I hope you do not own a gun!


----------



## Burl (Jan 2, 2008)

Any way you could work it into a water feature?


----------



## vsmith (Jan 2, 2008)

At least its not coming from a crack in a swimming pool, seen entire lots and homes taken out by that kind of leakage.


----------



## aceinspp (Jan 2, 2008)

Maybe dig a trench on one side of the track in the tunnel and run it to one end of the tunnel and then create a small water fall off the the side. Maybe even irrigate some plants with it. Later RJD


----------



## Mike Reilley (Jan 2, 2008)

Woof....the ONLY fix for a problem like this is to fix the leaking pipe...and address any irrigation (especially over irrigation) issues that may exist. If you have MUD and water, you have earth movement. Earth movement can come from runoff carrying soil or it can be saturated ground passing water through it. Depending on the saturation level, a good rain storm could add enough water in a short period to cause a slide. 

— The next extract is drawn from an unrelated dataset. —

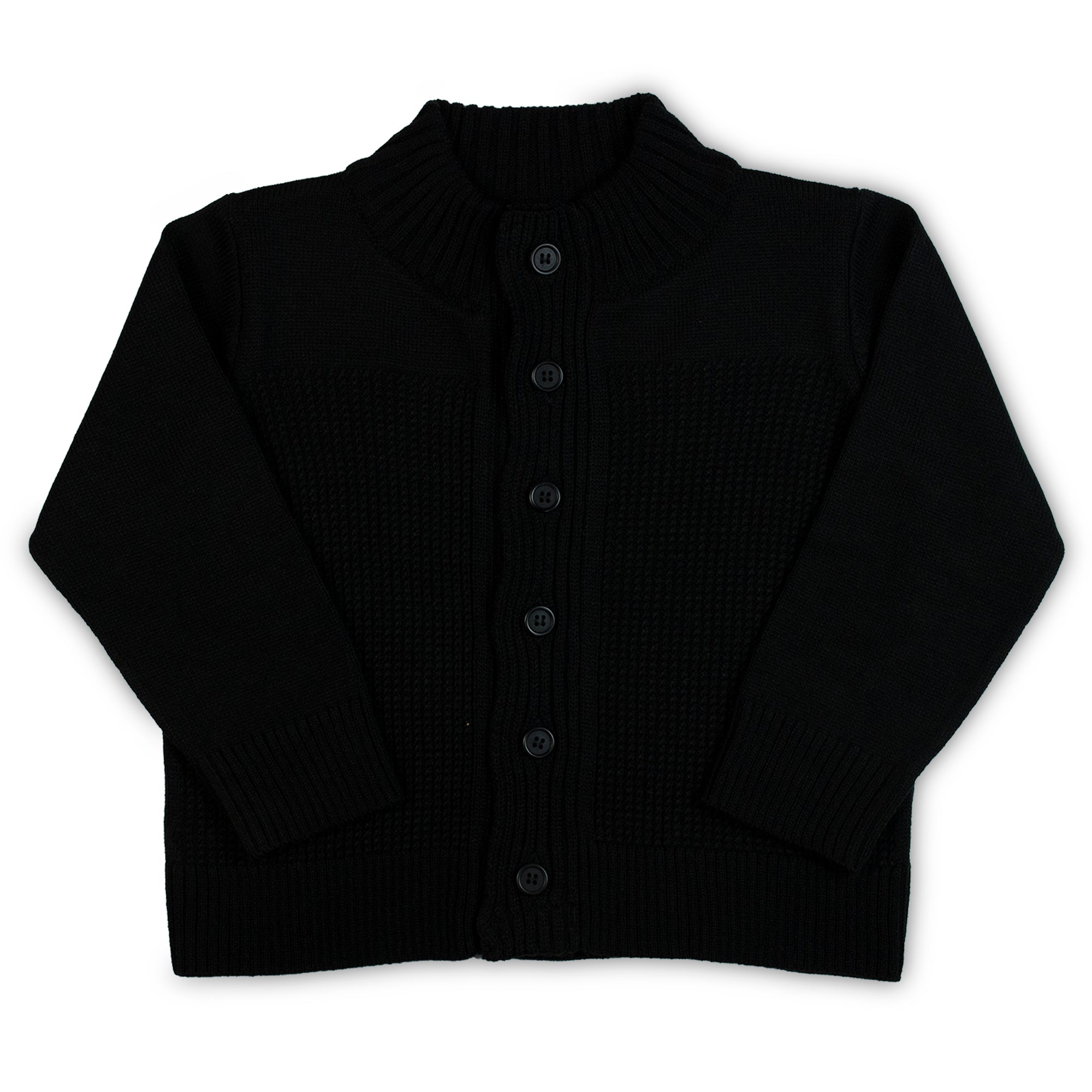 Suéter Negro con Botones de Niño - Talla 12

The key thing, the MUD showing up is a very bad sign because it means the water is carrying earth with it. You need to determine whether the mud in the tunnel is flowing INTO the tunnel from the ENDS of the tunnel (run off) or through the hill into the tunnel (pre-slide condition from ground saturation). If you have a ground saturation problem, fixing the water source issues is necessary...but you should also consider installing a french drain system with a sump pump if necessary to keep the water pressure off your hill and layout area.


----------



## Ray Dunakin (Jan 6, 2008)

Yeah, fixing the leak is definitely the key thing here. Ground saturation is a major concern.


----------



## Ray Dunakin (Jan 6, 2008)

I talked to the guy when he came home from work, and he was able to turn off water to that portion of the sprinkler system, until he can get it repaired. So I can breathe a little easier now. The whole hillside was becoming extremely saturated and I don't know how long it could hold up that way.


----------



## Jerry Barnes (Jan 2, 2008)

Wow, glad to hear that Ray, I was worried the whole thing would come crashing down, still some concern, I would think.


----------



## SailorDon (Jan 6, 2008)

Or you could model the real thing!









Not too many model railroads have a "tunnel with washout" feature.


----------



## Great Western (Jan 2, 2008)

Water issues? Consider the Severn Tunnel - a railway tunnel nearly five miles long between Western England and South Wales. This tunnel is beneath the River Severn and during its construction, in the mid 19th. century, unfortunately met the Great Spring. Dependant on the surrounding land water table the pumps have to shift anything between 24 million gallons and 40 million gallons + per day!


----------



## KVBarkley (Jan 9, 2009)

While they don't pump out *quite* that much, the 105 Freeway in Los Angeles is a good example of this. The section between the Los Angeles and San Gabriel River was built below grade to cut down noise. Of course, it goes into the water table so they need to pump out the excess water and flush it down the river. The ironic thing is that a few miles north is a settlement basin where they capture water from the rivers during the rainy season and pump it *into* the water table for water storage. So they pump water into the water table on one end and pump it out on the other. CalTrans *tried* to keep this a secret!


----------



## Bob Pero (Jan 13, 2008)

Ah Yes- Your government at work!!!


----------